*Data extract*
..........

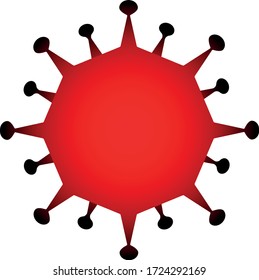 boceto vectorial de las células del virus de la corona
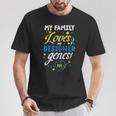 Family Loves My Genes T21 Down Syndrome Awareness T-Shirt Personalized Gifts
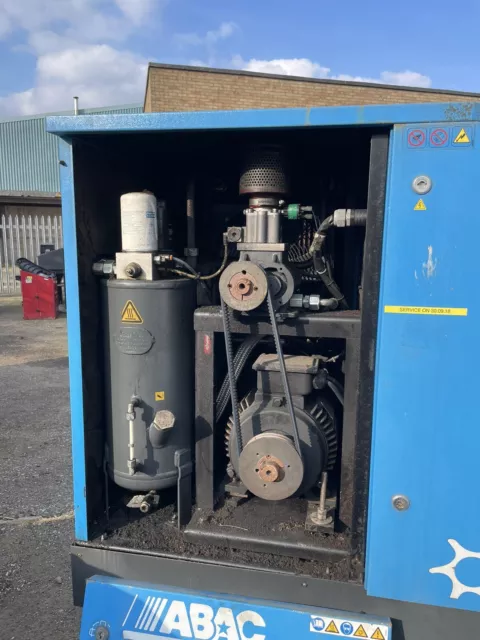 ABAC Genesis 7.5 Receiver Mounted Rotary Screw Compressor + Dryer!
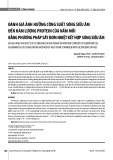 Đánh giá ảnh hưởng công suất sóng siêu âm đến hàm lượng protein của nấm mối bằng phương pháp sấy bơm nhiệt kết hợp sóng siêu âm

..........

*Exercise description*
The data above must be written out again word for word, without its pictures.

*Task result*
 boceto vectorial de las células del virus de la corona
 Family Loves My Genes T21 Down Syndrome Awareness T-Shirt Personalized Gifts
 ABAC Genesis 7.5 Receiver Mounted Rotary Screw Compressor + Dryer!
 Đánh giá ảnh hưởng công suất sóng siêu âm đến hàm lượng protein của nấm mối bằng phương pháp sấy bơm nhiệt kết hợp sóng siêu âm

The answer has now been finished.